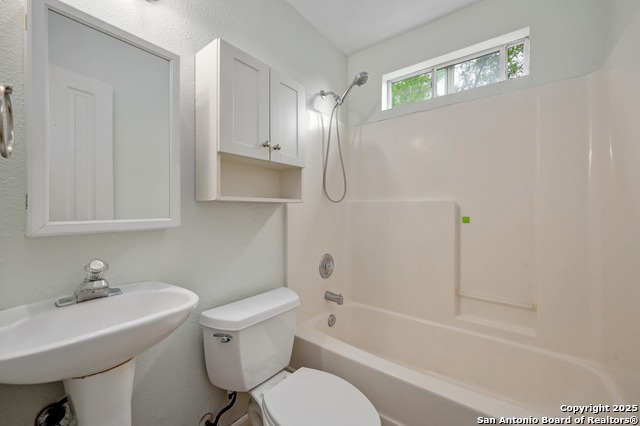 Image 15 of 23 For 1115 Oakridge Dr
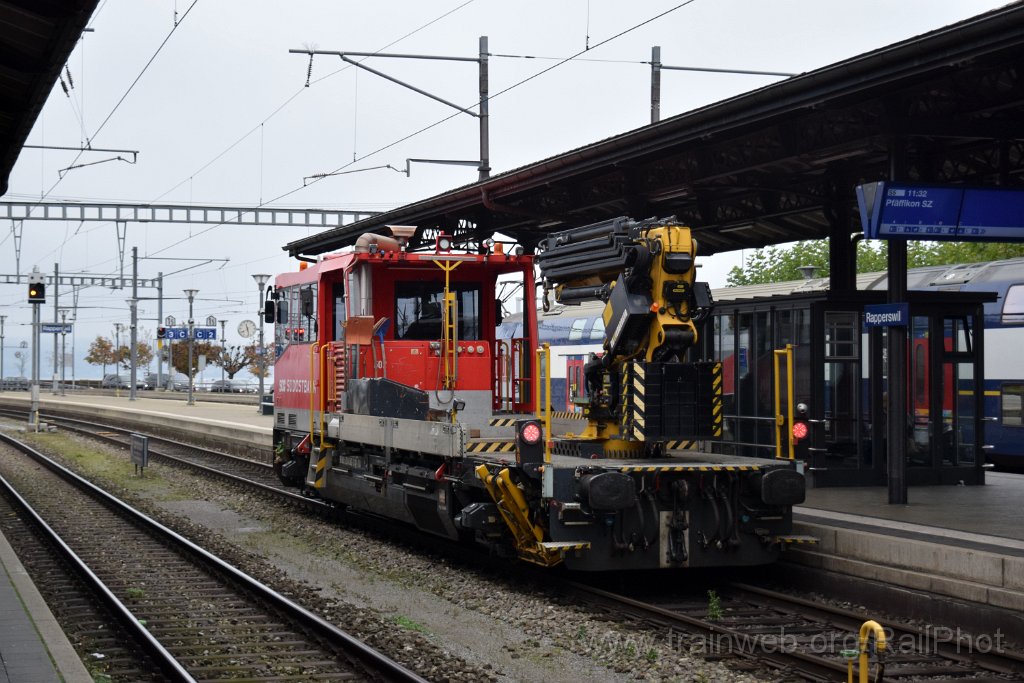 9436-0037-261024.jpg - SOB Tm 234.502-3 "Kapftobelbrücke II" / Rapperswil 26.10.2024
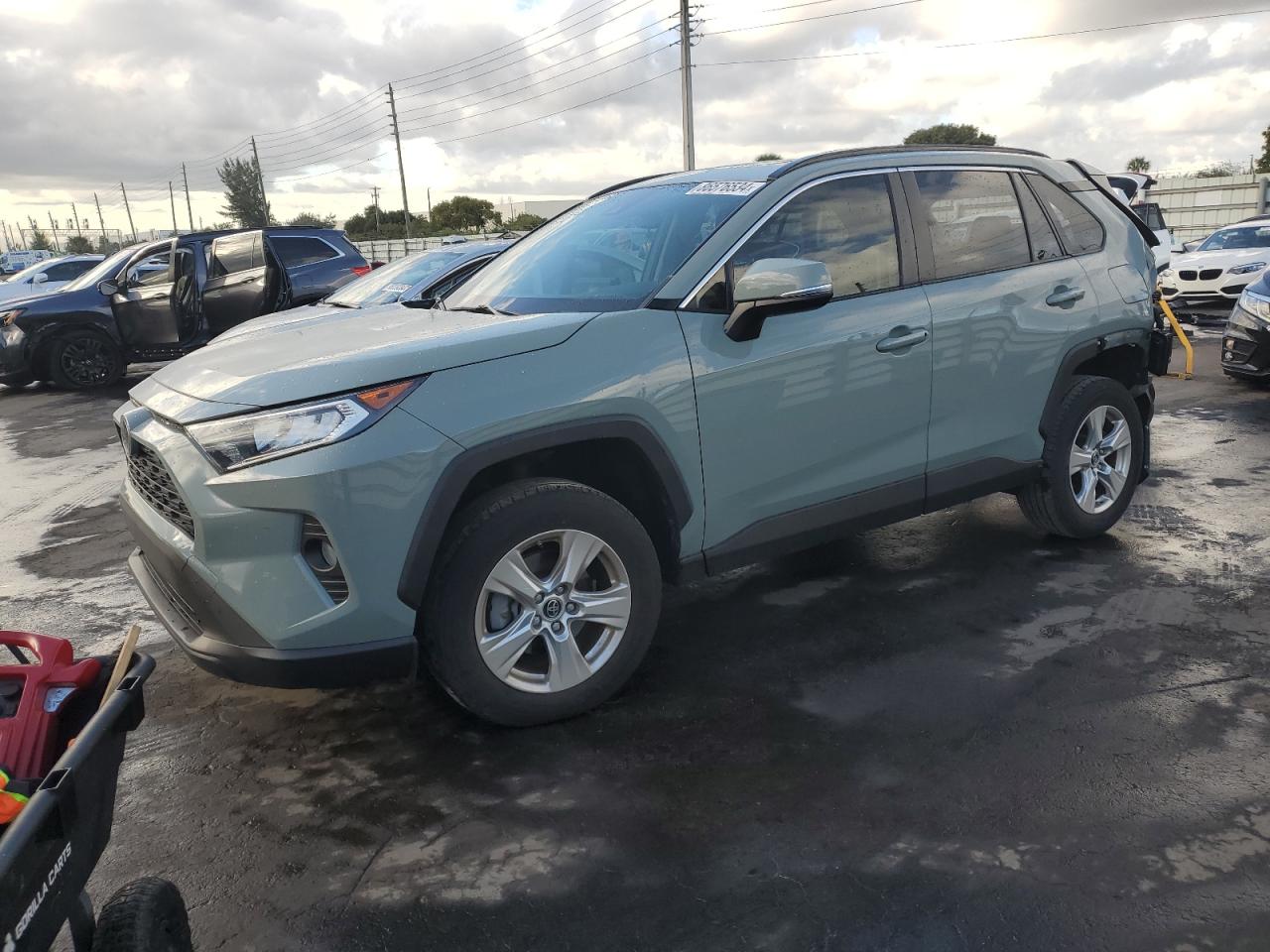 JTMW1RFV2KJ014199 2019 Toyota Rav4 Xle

====

#### [Problem to solve]
Copy out all the data exactly. No images belong in the copy.

#### [Solution for this task]
 Image 15 of 23 For 1115 Oakridge Dr
 9436-0037-261024.jpg - SOB Tm 234.502-3 "Kapftobelbrücke II" / Rapperswil 26.10.2024
 JTMW1RFV2KJ014199 2019 Toyota Rav4 Xle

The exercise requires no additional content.